REQUIREMENT
Where the word "West" shows up in the entries below, please copy the whole line.

[DATA TO PROCESS — start]

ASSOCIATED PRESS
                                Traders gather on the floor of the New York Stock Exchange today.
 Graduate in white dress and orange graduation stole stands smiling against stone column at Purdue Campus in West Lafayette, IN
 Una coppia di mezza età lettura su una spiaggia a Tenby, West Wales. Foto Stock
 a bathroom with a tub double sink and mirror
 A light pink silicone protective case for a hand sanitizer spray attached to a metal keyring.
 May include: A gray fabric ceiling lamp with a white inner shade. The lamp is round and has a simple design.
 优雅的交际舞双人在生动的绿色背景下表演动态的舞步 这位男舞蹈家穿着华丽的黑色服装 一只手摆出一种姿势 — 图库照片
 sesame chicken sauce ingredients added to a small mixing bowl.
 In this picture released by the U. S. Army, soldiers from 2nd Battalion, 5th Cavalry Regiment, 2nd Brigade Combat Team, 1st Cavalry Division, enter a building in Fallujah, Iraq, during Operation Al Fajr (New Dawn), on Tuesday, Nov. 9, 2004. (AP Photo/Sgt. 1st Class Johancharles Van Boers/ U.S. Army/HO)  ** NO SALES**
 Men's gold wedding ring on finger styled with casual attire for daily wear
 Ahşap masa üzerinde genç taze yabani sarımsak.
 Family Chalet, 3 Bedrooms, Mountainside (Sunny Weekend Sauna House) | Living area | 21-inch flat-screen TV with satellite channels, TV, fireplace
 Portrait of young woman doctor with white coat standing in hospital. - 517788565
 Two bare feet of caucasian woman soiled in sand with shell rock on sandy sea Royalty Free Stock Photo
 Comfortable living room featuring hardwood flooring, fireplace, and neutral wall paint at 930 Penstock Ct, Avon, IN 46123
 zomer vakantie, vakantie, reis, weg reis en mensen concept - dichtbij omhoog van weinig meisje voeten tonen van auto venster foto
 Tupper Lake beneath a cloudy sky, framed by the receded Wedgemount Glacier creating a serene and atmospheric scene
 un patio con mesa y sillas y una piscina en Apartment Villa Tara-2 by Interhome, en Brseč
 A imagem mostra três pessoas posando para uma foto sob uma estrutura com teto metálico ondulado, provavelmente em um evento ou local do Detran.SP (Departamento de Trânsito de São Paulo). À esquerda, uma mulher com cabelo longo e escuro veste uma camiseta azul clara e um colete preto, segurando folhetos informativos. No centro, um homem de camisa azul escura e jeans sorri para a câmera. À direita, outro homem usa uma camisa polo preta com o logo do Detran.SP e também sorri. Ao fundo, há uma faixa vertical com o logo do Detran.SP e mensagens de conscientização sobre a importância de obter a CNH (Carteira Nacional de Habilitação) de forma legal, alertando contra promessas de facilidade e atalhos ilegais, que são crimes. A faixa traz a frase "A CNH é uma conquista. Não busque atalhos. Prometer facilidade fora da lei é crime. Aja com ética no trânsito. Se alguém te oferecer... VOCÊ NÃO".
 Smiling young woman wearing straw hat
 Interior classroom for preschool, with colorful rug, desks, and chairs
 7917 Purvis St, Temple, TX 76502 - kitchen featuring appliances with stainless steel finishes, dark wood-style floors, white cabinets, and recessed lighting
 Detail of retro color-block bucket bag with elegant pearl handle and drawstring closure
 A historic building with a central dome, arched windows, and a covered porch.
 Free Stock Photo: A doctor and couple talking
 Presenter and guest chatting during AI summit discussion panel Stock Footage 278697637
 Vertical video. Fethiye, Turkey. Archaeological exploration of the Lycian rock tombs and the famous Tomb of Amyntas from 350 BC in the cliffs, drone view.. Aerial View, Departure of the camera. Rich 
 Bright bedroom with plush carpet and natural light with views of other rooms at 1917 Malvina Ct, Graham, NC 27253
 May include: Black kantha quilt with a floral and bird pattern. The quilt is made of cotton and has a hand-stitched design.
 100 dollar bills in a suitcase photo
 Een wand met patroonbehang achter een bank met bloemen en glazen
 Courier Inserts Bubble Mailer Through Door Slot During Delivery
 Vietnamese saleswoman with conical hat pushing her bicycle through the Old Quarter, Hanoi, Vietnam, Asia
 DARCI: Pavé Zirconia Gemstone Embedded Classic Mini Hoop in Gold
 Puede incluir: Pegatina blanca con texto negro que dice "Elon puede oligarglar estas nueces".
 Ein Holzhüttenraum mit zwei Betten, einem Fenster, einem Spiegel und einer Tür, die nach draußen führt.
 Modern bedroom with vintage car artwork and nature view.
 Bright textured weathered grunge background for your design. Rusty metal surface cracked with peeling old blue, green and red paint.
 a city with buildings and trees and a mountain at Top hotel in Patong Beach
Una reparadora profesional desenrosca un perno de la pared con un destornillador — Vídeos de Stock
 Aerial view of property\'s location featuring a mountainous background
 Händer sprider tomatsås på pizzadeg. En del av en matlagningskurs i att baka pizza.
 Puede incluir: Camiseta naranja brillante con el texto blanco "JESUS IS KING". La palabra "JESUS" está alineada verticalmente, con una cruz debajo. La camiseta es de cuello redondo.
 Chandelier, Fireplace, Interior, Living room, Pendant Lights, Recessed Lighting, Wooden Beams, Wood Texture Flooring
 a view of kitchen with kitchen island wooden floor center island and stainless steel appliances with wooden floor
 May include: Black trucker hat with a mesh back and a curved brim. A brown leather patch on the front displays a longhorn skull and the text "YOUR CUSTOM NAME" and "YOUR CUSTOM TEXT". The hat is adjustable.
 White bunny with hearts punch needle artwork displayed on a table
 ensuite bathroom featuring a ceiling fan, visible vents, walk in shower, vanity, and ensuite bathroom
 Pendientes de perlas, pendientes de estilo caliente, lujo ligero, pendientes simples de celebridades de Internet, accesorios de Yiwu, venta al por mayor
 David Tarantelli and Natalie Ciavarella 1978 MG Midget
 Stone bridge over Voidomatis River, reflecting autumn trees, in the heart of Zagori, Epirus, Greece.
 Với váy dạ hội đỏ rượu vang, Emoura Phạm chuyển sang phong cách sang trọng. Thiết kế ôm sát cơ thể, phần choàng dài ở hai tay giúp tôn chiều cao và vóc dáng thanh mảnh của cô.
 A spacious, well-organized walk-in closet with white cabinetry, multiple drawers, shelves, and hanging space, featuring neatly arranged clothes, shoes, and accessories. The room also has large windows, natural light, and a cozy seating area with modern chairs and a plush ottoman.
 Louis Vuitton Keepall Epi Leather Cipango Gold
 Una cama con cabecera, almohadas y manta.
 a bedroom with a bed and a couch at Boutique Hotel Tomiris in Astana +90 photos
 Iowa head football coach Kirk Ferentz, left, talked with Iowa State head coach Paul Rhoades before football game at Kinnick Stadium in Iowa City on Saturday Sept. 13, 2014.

[DATA TO PROCESS — finish]

EXERCISE ANSWER
 Graduate in white dress and orange graduation stole stands smiling against stone column at Purdue Campus in West Lafayette, IN
 Una coppia di mezza età lettura su una spiaggia a Tenby, West Wales. Foto Stock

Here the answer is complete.